El reporte de Paridades de Precios Regionales de la BEA señala que la región del sur de Florida alcanzó un índice de 114.155 puntos, por encima de los 111.563 puntos registrados por Nueva York. La única zona que mantiene un costo de vida superior es la Bahía de San Francisco, en California.
Especialistas atribuyen este cambio al acelerado incremento de precios que ha experimentado el sur de Florida desde la pandemia. De acuerdo con análisis difundidos por diversos medios, entre ellos el Miami Herald, el índice de precios al consumidor en la región ha aumentado 36% desde 2019, el mayor crecimiento registrado por la BEA desde que existen mediciones.

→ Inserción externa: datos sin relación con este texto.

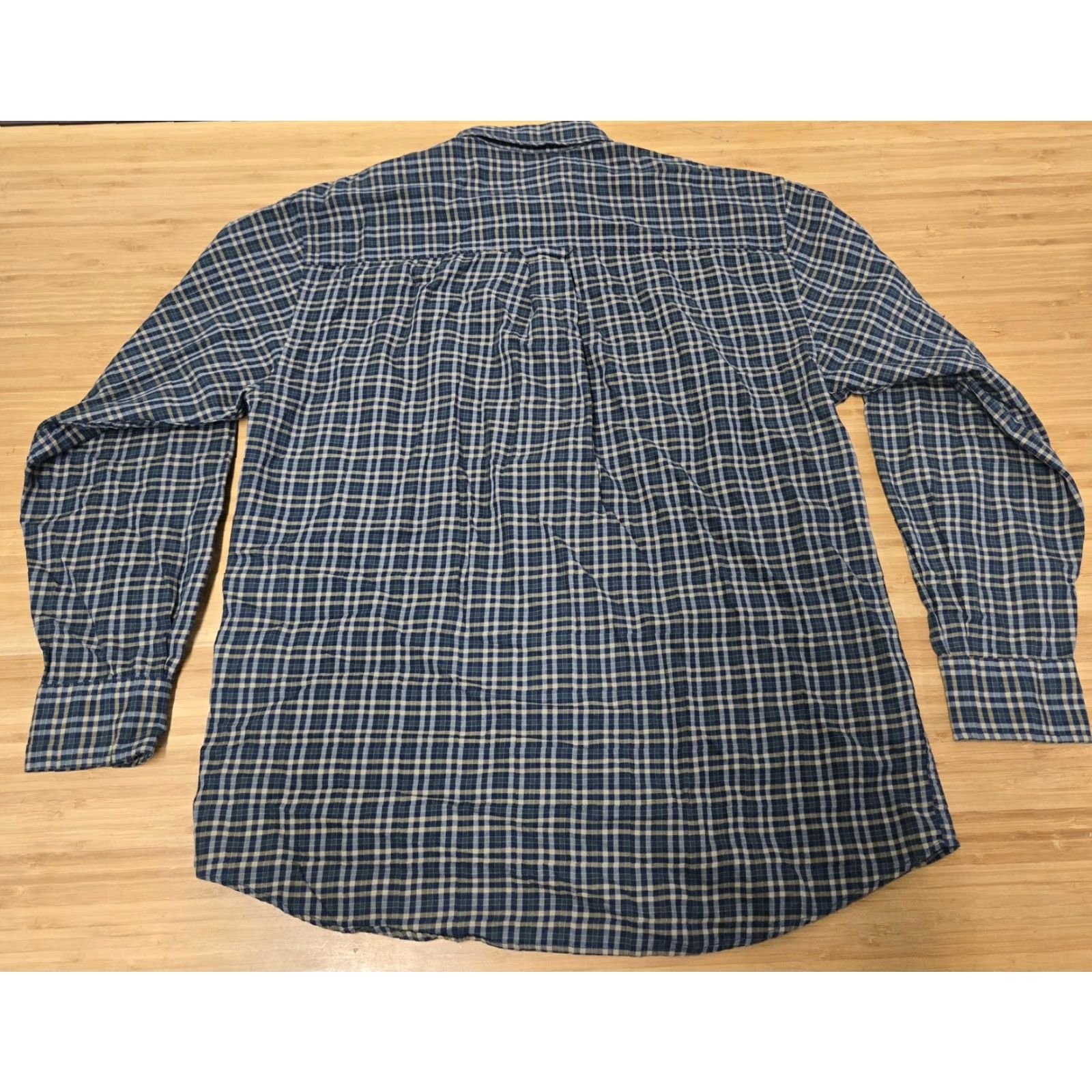 Pendleton VINTAGE Pendleton Shirt Mens Medium Green Blue Plaid Expedition Button Down Long Sleeve Size US L / EU 52-54 / 3 - 6 Thumbnail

El principal motor del encarecimiento ha sido el mercado inmobiliario. Según el índice S&P Case-Shiller, el valor de las viviendas en Miami se ha incrementado 79% desde la pandemia de COVID-19, impulsado por la alta demanda de compradores nacionales e internacionales y por la llegada masiva de nuevos residentes al estado.
A ello se suma el aumento de los impuestos a la propiedad, que han crecido 62% desde 2019, una cifra que duplica el promedio nacional, de acuerdo con datos citados por Bloomberg.
Los costos asociados a la vivienda también se han disparado por el incremento en las primas de los seguros. Tras una década marcada por huracanes de gran intensidad y frecuentes inundaciones, el costo promedio anual de una póliza de seguro para vivienda en Florida supera los 6 mil dólares, según estimaciones de la plataforma especializada Insurify.
El salario pierde terreno frente al costo de vida
Mientras los gastos aumentan, los ingresos de la población no han seguido el mismo ritmo.
Datos de la Oficina del Censo de Estados Unidos indican que el ingreso medio de los hogares del área metropolitana de Miami permanece aproximadamente mil dólares por debajo del promedio nacional, lo que reduce el poder adquisitivo de miles de familias.
Además, aunque Florida continúa destacando por no cobrar impuesto estatal sobre la renta, diversos análisis sostienen que este beneficio favorece principalmente a los contribuyentes con mayores ingresos.
El Instituto de Tributación y Política Económica señala que el 1% de los hogares con mayores ingresos destina apenas 2.7% de sus ganancias al pago de impuestos estatales y locales, mientras que el 20% con menores ingresos aporta 13.2%. En contraste, en Nueva York el sistema tributario resulta más progresivo, ya que el 1% de mayores ingresos paga una proporción significativamente mayor de sus recursos.
El incremento del costo de vida también se refleja en el consumo cotidiano. Comer en un restaurante del sur de Florida se ha vuelto considerablemente más caro, con un gasto promedio de 94 dólares por persona, frente a los 79 dólares registrados en Nueva York.
Pese a ello, expertos consideran que Florida continuará siendo un destino atractivo para miles de personas gracias a su clima cálido, sus playas y la ausencia de un impuesto estatal sobre la renta. Sin embargo, el rápido encarecimiento de la vivienda, los servicios y el costo general de la vida plantea nuevos desafíos para las familias y podría modificar, en el mediano plazo, el flujo migratorio hacia el sur del estado.